Fermez les yeux et imaginez la scène. C’est un plan séquence, la lumière est grise, un peu tamisée. Contrairement à ce que l’on pourrait croire, l’homme n’émet aucun son, pas même un pleur, seul un silence lourd sort de tous les pores de sa peau. Il a à peine 25 ans, il sait qu’il n’en vivra pas plus. La corde au cou, la lame de rasoir au poignet, peu importe, il y mettra fin à cette vie, celle qu’il ne voit plus gorgée de possibilités, mais plutôt le trainant vers les bas-fonds de la douleur. Ce jeune homme, c’est peut-être votre ami, votre frère, votre fils ou vous-même, qui sait.
Tout ça aurait peut-être été évité si, à 15 ans, son collègue de classe ne l’avait pas ridiculisé devant tous les autres élèves. Ou bien si à 17 ans, on avait cessé de le traiter de « criss de gay », ne sachant pas qu’il l’était vraiment. Ou encore si, à 20 ans, ses parents l’avaient appuyé lorsqu’il révéla son homosexualité. Ou bien, à 24 ans, si sa colocataire lui avait demandé si tout allait bien lorsqu’il est rentré chez lui en pleurant. Ces simples détails lui auraient probablement sauvé la vie.

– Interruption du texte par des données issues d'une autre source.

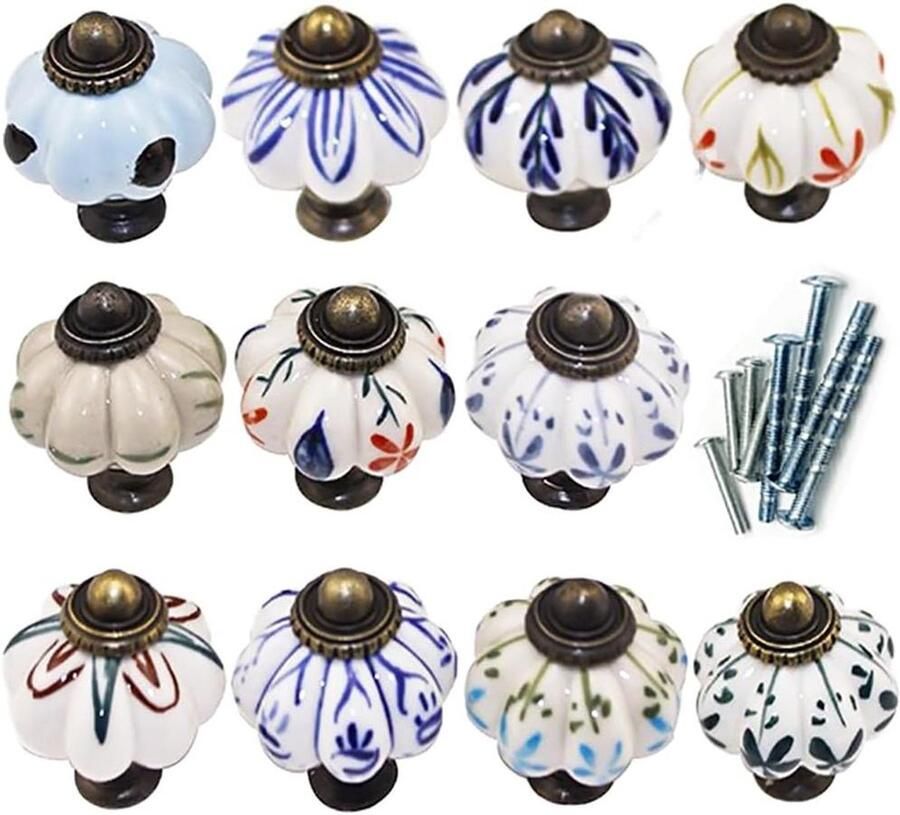 Handgeschilderde keramische knoppen 11 stuks kleurrijke handgrepen ronde pompoenkast knoppen voor doe-het-zelf dressoir kledingkast meubels decor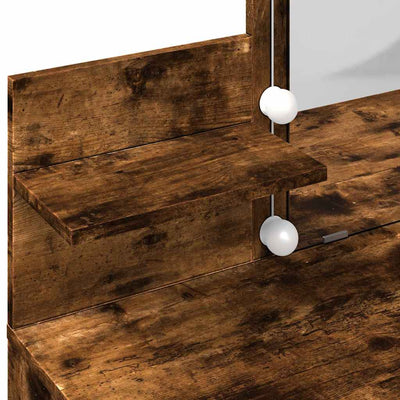 Savutammi peilipöytä led-valoilla Robinson 100x40x130cm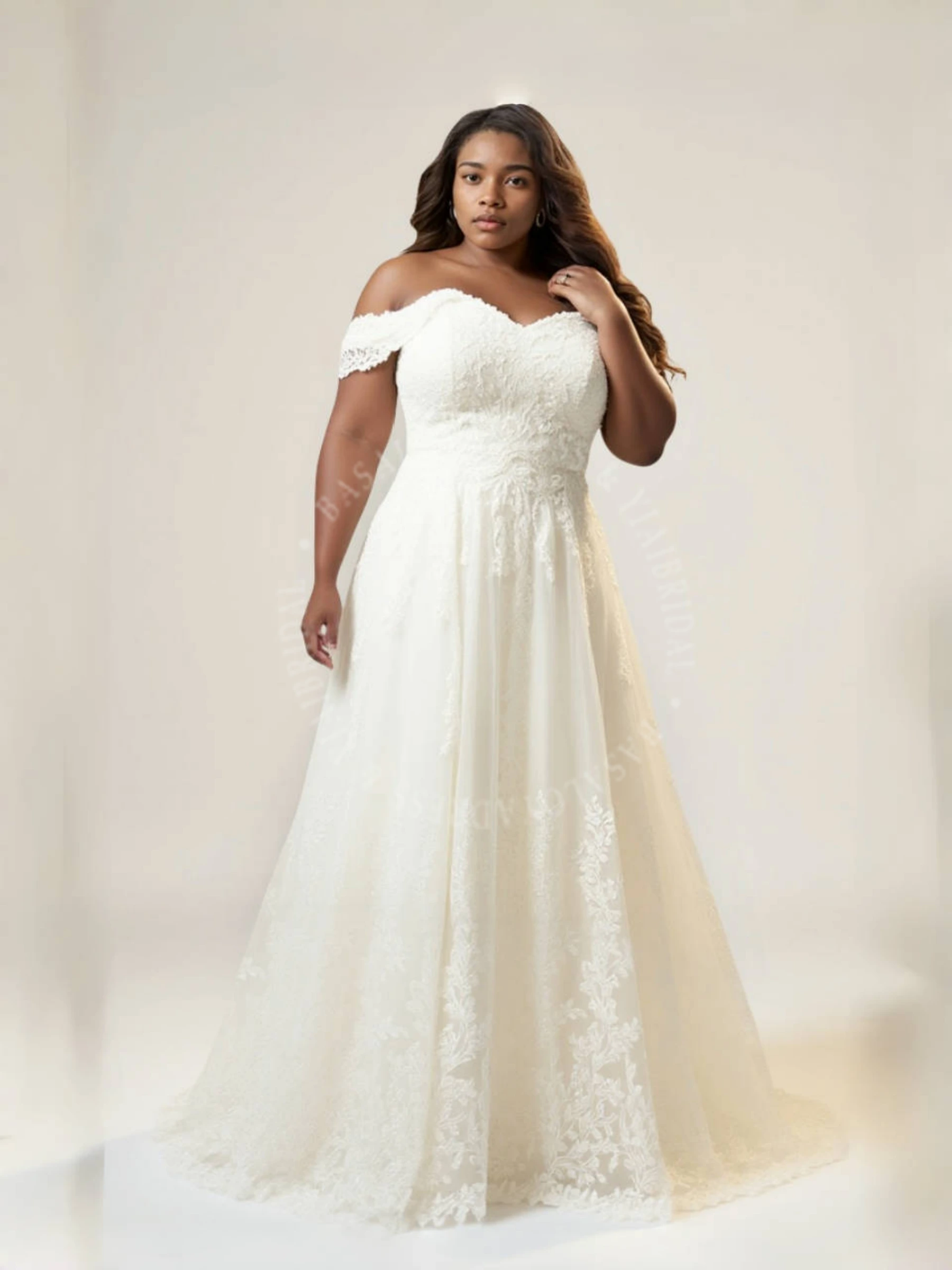 PWD00011 Висококачествена булчинска булчинска рокля с дантелени апликации с открити рамена и големи размери по поръчка 1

La semaine dernière, vous avez été plusieurs à parler de ce fameux épisode de la série 19-2 qui mettait en scène de façon très véridique une fusillade ayant lieu dans une école. Bien que plusieurs aient été choqués par la scène, on a tous félicité le génie de cette réalisation qui montrait la réalité de ce genre de drame. En sommes-nous vraiment rendus là ? Faut-il réellement montrer les choses de cette façon pour faire réagir ? Faudrait-il produire un épisode tragique portant sur le suicide pour anéantir ce tabou ? Car malheureusement, aujourd’hui, c’est si dur de parler du suicide qu’on oublie de le faire.
Probablement que le jeune homme de 25 ans, au moment de taillader ses veines ou juste avant de prendre son dernier souffle, aurait voulu qu’on le voit ainsi, qu’on le sauve, qu’on sauve d’autres vies. Peut-être qu’il a pensé à ses amis, à sa famille et à toutes les choses qu’il laissait derrière. Peut-être aussi leur en voulait-il de ne pas l’avoir entendu souffrir. Mais peu importe ce qui a pu lui passer par la tête à ce moment, il n’en demeure pas moins que seule sa dépouille gisait pendue ou dans une mare de sang.
Bonne semaine de prévention du suicide.